*** Opening of SUPPLIED DATA ***
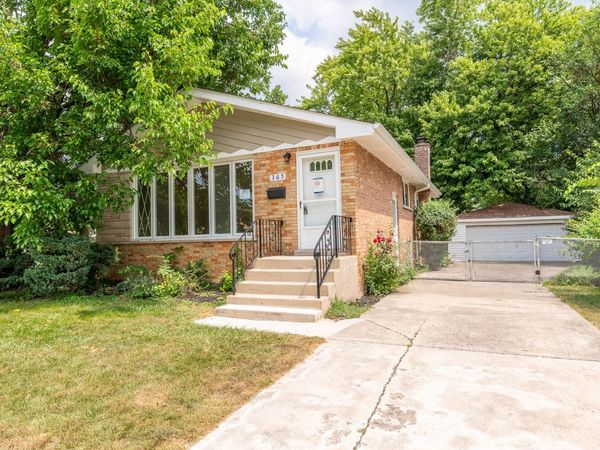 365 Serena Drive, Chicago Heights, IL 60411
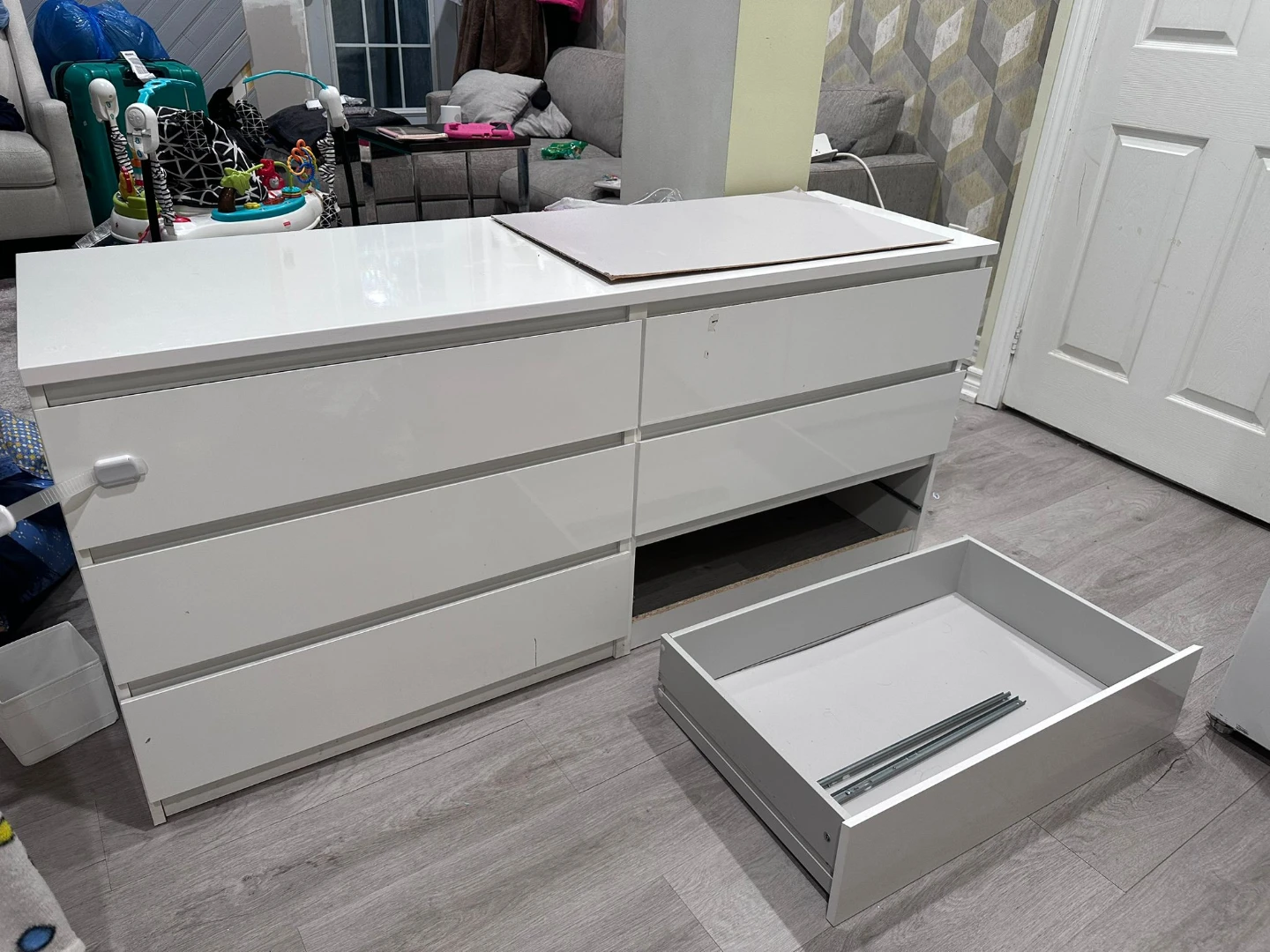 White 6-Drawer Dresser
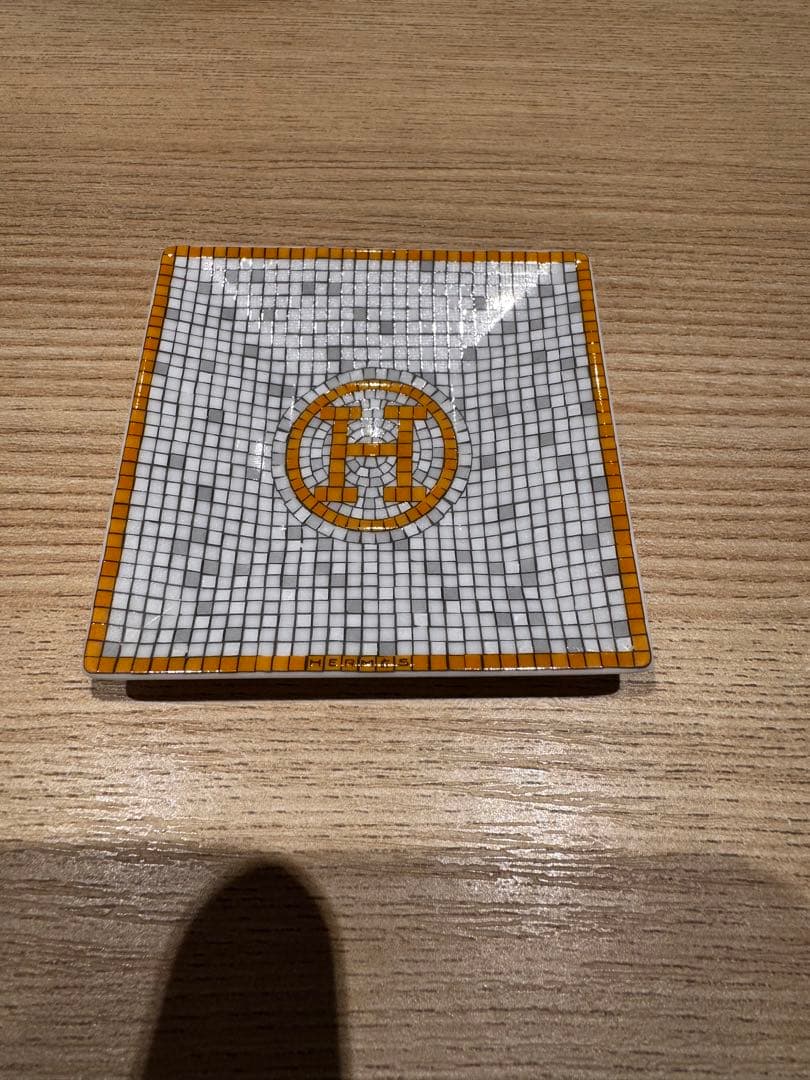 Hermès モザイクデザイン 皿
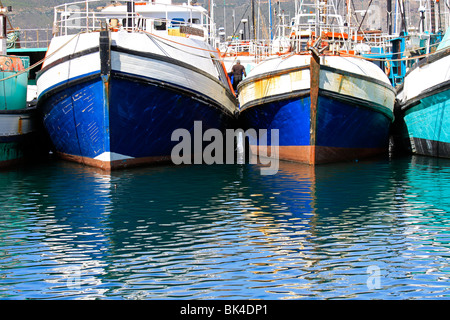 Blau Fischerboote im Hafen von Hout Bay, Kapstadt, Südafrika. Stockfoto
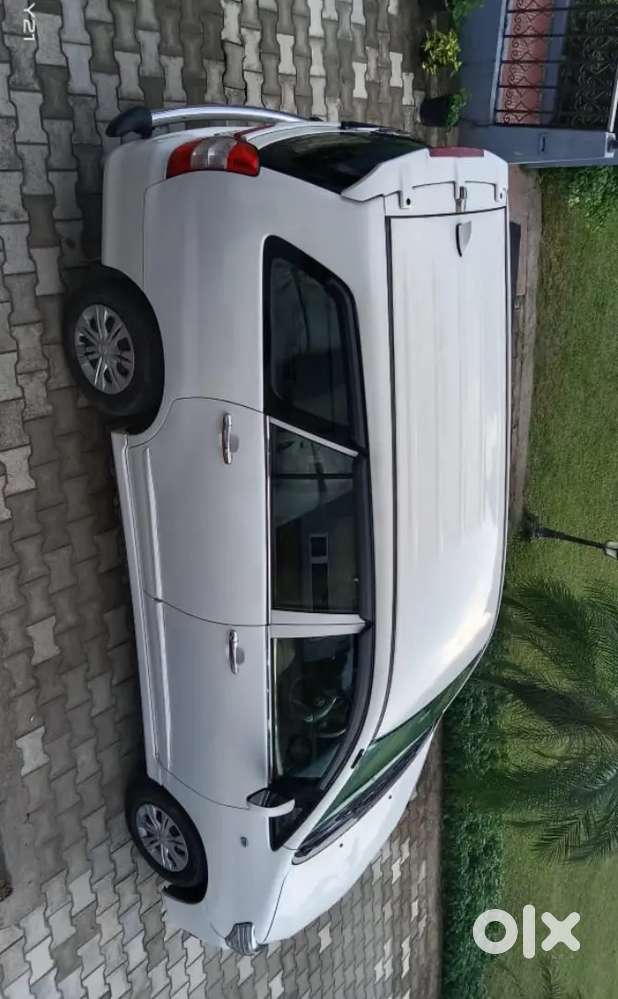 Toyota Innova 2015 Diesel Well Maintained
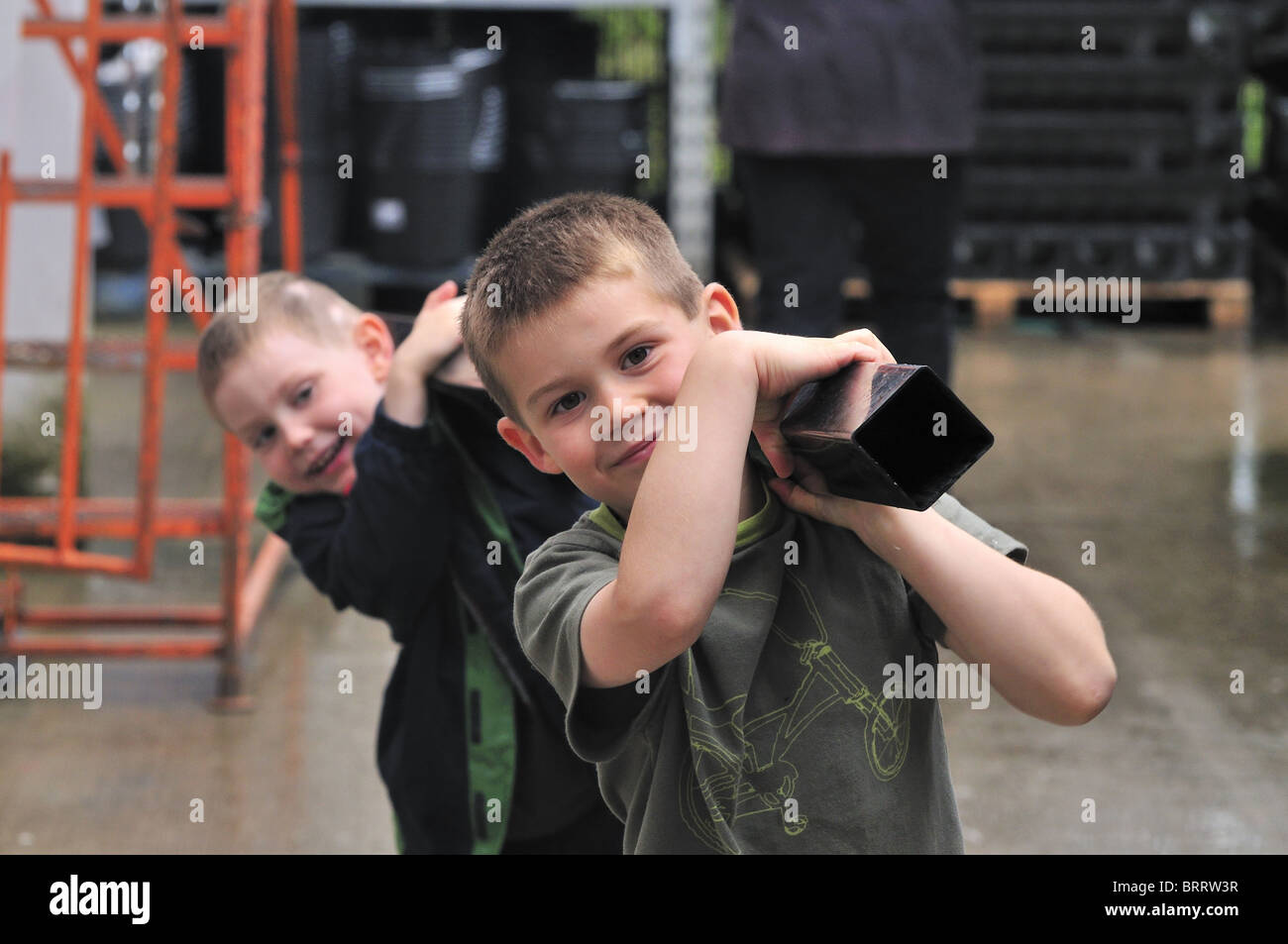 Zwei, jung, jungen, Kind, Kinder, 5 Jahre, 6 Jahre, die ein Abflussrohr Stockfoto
*** Close of SUPPLIED DATA ***
### BRIEF
Copy out the material above in full and exactly; its pictures are not to appear.

### RESPONSE FOR THIS EXERCISE
 365 Serena Drive, Chicago Heights, IL 60411
 White 6-Drawer Dresser
 Hermès モザイクデザイン 皿
 Blau Fischerboote im Hafen von Hout Bay, Kapstadt, Südafrika. Stockfoto
 Toyota Innova 2015 Diesel Well Maintained
 Zwei, jung, jungen, Kind, Kinder, 5 Jahre, 6 Jahre, die ein Abflussrohr Stockfoto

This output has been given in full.